My husband and I have grand plans for our backyard. Dreams right now. But you know what they say. A plan is a dream you write down. Or something like that. I envision a food garden that feeds us, our neighbors, our friends on occasion. And my husband thinks of something meticulously designed and thought out. One thing we do agree on is that we want to grow our garden in as sustainable a fashion as we can. Starting with the ground itself.
I don’t have to tell you we produce a lot of waste. That the footprint of waste is far reaching and consequential. But we don’t live in a perfect system and must navigate around roadblocks as best we can if we believe in living a sustainable life that’s friendly to our planet. Composting seemed the most logical answer.
If you aren’t familiar, there are a lot of resources online and Google is always your guide across the online sea (goddamn that was cheesy). I went to our local Barnes & Noble (they still exist in brick and mortar form!) and roamed the gardening section until I found Organic Book of Compost by Pauline Pears and The Farmer’s Almanac Vegetable Gardner’s Handbook. The most difficult part so far, believe it or not, was finding the right compost bin. I looked on Home Depot’s app and found an inexpensive build-it-yourself kind of situation called GeoBin, but the darn thing wasn’t in stock at my local Lowe’s or Home Depot. Of course Amazon had it, so I relented and had it shipped.

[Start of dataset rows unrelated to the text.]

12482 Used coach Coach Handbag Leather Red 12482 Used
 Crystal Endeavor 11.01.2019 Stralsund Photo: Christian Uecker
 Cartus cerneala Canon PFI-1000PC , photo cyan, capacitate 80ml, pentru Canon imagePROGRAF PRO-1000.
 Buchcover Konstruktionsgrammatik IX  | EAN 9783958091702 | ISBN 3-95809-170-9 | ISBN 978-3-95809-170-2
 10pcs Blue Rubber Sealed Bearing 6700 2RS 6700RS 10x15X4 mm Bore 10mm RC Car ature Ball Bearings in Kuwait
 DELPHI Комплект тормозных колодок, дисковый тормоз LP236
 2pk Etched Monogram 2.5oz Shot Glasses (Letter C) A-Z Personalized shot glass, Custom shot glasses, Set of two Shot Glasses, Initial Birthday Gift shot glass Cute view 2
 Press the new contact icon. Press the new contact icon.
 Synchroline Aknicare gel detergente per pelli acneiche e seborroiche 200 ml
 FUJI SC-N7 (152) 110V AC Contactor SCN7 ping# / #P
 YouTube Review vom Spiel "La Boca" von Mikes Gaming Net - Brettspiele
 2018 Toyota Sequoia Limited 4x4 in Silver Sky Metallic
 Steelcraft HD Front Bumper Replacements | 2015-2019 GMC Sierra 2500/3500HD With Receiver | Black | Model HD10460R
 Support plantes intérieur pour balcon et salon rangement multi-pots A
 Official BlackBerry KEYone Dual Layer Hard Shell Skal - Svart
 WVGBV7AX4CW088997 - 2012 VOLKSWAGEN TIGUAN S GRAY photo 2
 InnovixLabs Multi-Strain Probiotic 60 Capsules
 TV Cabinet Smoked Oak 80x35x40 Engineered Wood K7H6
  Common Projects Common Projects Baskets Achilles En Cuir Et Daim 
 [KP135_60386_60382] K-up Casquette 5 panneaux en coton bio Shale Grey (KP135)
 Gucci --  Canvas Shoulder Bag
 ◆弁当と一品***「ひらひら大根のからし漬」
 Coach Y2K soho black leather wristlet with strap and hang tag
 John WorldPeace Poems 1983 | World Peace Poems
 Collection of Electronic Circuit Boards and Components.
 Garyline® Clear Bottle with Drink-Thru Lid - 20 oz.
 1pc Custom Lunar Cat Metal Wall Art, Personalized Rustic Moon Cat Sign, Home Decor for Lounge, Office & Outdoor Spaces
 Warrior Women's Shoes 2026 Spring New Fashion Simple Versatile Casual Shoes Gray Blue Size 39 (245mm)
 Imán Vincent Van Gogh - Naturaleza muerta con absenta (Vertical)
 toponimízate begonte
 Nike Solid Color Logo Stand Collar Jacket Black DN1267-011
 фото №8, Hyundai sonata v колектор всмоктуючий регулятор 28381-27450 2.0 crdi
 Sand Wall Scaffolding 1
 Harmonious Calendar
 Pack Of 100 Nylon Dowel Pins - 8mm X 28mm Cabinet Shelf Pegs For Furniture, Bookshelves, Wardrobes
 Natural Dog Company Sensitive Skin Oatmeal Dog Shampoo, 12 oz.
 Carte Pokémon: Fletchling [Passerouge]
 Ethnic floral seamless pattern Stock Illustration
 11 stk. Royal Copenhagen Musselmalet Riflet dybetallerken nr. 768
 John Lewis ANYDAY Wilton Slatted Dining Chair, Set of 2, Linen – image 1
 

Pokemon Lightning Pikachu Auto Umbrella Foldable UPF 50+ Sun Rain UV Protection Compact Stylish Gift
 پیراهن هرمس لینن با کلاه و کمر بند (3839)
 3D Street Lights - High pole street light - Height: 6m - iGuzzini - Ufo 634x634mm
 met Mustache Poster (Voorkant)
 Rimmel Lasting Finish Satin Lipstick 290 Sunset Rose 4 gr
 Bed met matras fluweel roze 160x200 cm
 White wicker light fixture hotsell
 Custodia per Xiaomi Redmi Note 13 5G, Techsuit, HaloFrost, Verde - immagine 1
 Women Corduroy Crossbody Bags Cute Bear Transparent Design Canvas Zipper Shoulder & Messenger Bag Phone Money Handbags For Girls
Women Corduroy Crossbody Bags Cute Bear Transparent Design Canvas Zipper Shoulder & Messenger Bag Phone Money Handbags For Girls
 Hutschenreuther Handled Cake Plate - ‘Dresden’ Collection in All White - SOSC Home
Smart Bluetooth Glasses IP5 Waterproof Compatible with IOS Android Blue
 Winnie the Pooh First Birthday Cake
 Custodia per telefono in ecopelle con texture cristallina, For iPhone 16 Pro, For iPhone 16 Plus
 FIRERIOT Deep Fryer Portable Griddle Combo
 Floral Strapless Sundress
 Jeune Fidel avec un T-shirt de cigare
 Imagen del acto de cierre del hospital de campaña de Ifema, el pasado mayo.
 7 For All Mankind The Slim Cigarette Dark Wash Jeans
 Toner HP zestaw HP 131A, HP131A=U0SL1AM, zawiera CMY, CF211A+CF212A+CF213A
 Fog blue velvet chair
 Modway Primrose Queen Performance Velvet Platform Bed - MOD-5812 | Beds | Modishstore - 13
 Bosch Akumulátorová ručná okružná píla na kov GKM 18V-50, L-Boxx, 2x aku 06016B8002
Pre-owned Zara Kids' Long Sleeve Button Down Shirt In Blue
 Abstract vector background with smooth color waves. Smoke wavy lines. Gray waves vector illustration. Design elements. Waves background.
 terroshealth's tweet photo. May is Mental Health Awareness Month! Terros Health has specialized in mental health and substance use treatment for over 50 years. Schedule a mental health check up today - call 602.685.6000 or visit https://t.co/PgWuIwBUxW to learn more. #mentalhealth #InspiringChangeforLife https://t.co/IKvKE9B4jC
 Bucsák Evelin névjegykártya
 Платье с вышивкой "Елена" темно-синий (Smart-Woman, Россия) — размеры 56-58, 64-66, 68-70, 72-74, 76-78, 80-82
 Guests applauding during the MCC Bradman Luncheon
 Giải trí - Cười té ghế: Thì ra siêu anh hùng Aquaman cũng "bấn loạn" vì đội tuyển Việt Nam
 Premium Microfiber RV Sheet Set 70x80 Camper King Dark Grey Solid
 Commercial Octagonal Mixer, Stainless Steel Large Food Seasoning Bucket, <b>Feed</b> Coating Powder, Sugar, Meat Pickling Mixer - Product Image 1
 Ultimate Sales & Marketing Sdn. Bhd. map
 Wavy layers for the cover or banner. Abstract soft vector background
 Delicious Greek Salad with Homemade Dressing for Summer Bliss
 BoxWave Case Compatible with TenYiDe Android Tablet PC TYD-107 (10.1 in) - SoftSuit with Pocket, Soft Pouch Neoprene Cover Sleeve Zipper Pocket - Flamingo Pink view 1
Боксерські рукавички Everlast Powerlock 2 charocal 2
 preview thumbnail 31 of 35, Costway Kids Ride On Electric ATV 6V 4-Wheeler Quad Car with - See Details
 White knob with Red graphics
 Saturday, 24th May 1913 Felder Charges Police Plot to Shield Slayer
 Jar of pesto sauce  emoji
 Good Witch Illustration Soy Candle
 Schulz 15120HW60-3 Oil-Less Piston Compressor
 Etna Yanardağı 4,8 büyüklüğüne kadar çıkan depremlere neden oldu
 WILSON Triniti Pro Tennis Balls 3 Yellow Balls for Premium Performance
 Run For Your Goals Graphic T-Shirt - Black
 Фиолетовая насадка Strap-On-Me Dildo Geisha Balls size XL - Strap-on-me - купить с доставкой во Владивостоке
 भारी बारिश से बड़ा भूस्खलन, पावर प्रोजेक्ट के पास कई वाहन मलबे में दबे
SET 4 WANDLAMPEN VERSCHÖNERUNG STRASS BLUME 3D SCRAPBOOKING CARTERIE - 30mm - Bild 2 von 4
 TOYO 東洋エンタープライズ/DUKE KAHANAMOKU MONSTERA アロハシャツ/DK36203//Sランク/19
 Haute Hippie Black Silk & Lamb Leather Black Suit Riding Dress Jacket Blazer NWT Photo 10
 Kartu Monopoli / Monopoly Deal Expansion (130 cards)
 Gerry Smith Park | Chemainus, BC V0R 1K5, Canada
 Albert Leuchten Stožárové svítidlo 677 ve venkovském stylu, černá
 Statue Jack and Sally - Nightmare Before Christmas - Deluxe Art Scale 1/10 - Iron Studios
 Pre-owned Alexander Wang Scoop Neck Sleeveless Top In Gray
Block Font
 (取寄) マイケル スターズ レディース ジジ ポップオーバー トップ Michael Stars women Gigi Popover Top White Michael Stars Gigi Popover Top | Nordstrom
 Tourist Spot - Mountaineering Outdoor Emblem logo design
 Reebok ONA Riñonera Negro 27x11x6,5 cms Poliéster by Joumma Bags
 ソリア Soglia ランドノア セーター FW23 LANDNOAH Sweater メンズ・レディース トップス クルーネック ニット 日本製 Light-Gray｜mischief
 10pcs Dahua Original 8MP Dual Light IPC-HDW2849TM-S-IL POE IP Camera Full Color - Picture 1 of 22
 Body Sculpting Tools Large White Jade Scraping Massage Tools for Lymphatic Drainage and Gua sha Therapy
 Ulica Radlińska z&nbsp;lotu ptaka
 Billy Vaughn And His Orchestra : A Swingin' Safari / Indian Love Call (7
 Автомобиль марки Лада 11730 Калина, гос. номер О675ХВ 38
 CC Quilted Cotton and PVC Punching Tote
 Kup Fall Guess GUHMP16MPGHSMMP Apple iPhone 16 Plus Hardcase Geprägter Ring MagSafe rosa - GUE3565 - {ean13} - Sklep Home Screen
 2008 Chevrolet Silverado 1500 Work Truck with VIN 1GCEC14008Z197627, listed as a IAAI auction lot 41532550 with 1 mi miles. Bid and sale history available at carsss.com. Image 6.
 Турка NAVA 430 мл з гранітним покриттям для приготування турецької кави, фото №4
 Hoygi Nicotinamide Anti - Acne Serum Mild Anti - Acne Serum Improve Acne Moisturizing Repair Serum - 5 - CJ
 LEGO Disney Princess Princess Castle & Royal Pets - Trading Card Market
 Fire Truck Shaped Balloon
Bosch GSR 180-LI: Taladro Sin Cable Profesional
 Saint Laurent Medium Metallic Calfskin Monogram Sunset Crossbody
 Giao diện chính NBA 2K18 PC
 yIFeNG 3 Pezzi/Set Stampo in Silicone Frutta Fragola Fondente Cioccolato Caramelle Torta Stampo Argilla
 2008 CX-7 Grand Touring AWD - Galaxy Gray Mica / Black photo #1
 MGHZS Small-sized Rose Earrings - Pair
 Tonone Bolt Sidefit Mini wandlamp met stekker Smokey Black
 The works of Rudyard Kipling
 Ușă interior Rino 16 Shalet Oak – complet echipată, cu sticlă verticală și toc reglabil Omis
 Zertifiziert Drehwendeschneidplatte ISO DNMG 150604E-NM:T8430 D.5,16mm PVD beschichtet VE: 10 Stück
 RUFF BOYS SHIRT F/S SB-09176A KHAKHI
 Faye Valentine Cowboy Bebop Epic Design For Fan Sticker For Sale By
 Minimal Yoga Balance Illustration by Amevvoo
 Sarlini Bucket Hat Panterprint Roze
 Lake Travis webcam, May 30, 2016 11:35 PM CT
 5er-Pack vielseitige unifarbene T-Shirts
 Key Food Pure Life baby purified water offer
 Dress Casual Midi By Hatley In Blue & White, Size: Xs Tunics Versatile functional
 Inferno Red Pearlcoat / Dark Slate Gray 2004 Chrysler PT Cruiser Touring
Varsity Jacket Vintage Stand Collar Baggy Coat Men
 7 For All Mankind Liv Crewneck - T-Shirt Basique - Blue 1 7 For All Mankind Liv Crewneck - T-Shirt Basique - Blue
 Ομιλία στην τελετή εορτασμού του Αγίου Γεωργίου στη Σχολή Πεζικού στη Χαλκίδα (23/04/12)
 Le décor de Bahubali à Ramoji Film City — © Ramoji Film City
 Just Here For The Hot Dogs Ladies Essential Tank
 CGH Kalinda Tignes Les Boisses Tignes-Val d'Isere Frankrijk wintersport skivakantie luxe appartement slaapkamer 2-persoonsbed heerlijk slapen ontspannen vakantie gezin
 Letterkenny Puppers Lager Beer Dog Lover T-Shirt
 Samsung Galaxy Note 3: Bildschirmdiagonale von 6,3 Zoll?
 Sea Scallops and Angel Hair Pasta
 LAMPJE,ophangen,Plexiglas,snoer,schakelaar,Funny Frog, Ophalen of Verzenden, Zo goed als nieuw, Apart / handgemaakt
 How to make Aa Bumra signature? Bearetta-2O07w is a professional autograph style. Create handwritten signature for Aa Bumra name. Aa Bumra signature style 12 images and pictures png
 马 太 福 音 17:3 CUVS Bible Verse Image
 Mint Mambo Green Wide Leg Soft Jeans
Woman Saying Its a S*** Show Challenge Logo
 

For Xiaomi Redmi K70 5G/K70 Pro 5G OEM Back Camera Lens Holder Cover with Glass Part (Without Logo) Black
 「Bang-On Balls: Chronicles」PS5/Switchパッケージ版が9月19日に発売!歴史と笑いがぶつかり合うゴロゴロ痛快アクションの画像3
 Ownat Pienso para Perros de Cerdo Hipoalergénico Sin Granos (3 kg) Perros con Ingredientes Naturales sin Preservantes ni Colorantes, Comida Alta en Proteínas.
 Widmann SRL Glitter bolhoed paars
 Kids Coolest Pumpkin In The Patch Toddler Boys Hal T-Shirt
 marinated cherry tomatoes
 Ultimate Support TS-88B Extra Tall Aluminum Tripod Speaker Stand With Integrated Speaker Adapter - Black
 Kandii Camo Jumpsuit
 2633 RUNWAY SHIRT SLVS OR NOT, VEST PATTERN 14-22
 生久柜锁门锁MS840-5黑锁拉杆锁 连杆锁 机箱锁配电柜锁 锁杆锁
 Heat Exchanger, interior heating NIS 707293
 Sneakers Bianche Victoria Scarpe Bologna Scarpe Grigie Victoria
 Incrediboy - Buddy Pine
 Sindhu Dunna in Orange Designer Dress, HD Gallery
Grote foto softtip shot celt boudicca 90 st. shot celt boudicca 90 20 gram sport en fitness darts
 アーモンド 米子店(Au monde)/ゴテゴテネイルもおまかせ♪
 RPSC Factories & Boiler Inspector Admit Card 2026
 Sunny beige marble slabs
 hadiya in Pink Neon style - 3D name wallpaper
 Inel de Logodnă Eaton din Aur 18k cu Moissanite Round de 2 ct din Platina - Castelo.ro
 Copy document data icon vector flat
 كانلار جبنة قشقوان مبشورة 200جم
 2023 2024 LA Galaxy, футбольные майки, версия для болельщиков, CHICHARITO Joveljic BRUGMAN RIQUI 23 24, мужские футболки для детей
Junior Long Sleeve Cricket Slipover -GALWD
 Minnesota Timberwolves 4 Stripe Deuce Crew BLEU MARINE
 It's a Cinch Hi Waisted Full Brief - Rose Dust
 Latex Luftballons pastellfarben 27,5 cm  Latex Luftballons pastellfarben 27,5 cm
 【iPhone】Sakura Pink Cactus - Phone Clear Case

The basics are this: the brown (cardboard, lint, paper towels) and green (produce scraps, grass trimmings, coffee grounds) waste we produce in our daily lives are cooking in a circular, walled-in portion of our backyard, composting down into what is referred to as black gold. It’s super nutrient rich and a great way to put back into the ground what you took from it. And a great way to supercharge your garden.
All of this preamble is to say I am so excited to have started composting, and with spring creeping up on us (it was 70 degrees today, swoon) going outside into our semi-grassed in backyard has been something of a dream come true. We’re talking about building raised beds next so we can get started on planting. We have successfully transplanted a store-bought basil plant into this really cool planter from Target, which gave me the confidence to try the same with some dill I picked up at Trader Joe’s. As soon as I transplanted it, it died. Just wilted right on over all harikari-like. But I kept watering it and sitting it in front of the window to get ample sunlight, and sure enough it is starting to stand up again! I’ll try to have pictures for the next update.
I’m really looking forward to seeing how the compost progresses. It gets pretty hot here in the summer months (consistent triple digits for weeks/months) so I put the compost pile in a place that is partially shaded when the sun is at a certain angle to our backyard fence. But I’m a little concerned it’s maybe not getting enough direct sunlight. Or it’s only getting the direct sunlight in the morning and I just haven’t noticed yet. I really need to keep an eye on it. The temperature and exposure to dry air will impact the quality of the compost, as well as its ability to do its job. So it’s important to maintain a healthy balance in stasis.